Theranostics 2016; 6(12):2209-2224. doi:10.7150/thno.15584 This issue Cite
Research Paper
1. The State Key Laboratory of Medical Genetics & School of Life Sciences, Central South University, Changsha 410078, China.
2. Key Laboratory of Experimental Hematology, Institute of Hematology & Blood Diseases Hospital, Chinese Academy of Medical Science & Peking Union Medical College, Tianjin 300020, China.
3. Department of Medicine, University of California, Irvine, CA 92697, USA.
4. Molecular Science and Biomedicine Laboratory, State Key Laboratory for Chemo/Biosensing and Chemometrics
College of Biology
College of Chemistry and Chemical Engineering, Hunan University, Changsha 410082, China.
5. Cancer Research Institute, Central South University; Key Laboratory of Carcinogenesis and Cancer Invasion, Ministry of Education; Key Laboratory of Carcinogenesis, National Health and Family Planning Commission, Changsha 410078, China.

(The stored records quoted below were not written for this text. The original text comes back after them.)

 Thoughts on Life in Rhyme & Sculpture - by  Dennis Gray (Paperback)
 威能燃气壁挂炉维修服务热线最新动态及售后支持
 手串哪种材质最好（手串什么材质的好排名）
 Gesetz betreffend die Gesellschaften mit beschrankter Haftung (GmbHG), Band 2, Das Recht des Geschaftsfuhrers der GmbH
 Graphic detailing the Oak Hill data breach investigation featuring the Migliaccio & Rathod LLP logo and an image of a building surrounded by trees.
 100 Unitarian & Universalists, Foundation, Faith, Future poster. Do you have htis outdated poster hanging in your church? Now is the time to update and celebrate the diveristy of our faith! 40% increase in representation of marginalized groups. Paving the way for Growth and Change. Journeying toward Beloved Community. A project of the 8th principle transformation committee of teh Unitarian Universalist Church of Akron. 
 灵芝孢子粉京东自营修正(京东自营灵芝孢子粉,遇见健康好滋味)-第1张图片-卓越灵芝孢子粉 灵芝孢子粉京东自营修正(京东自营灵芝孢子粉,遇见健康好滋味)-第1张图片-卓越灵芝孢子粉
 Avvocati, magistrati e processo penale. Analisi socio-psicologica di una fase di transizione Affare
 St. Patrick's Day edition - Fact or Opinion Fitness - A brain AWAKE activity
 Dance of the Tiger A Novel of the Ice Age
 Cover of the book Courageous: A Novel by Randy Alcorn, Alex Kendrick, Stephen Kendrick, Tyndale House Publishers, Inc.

*These authors contributed equally to this work.
Multiple myeloma (MM) is largely incurable and drug-resistant. Novel therapeutic approaches such as inhibiting autophagy or rational drug combinations are aimed to overcome this issue. In this study, we found that lycorine exhibits a promising anti-proliferative activity against MM in vitro and in vivo by inhibiting autophagy. We identified High mobility group box 1 (HMGB1), an important regulator of autophagy, as the most aberrantly expressed protein after lycorine treatment and as a critical mediator of lycorine activity. Gene expression profiling (GEP) analysis showed that higher expression of HMGB1 is linked with the poor prognosis of MM. This correlation was further confirmed in human bone marrow CD138+ primary myeloma cells and MM cell lines. Mechanistically, proteasomal degradation of HMGB1 by lycorine inhibits the activation of MEK-ERK thereby decreases phosphorylation of Bcl-2 resulting in constitutive association of Bcl-2 with Beclin-1. In addition, we observed higher HMGB1 expression in bortezomib resistant cells and the combination of bortezomib plus lycorine was highly efficient in vitro and in vivo myeloma models as well as in re-sensitizing resistant cells to bortezomib. These observations indicate lycorine as an effective autophagy inhibitor and reveal that lycorine alone or in combination with bortezomib is a potential therapeutic strategy.
Keywords: Lycorine, Multiple myeloma, Autophagy, HMGB1, Bortezomib resistance.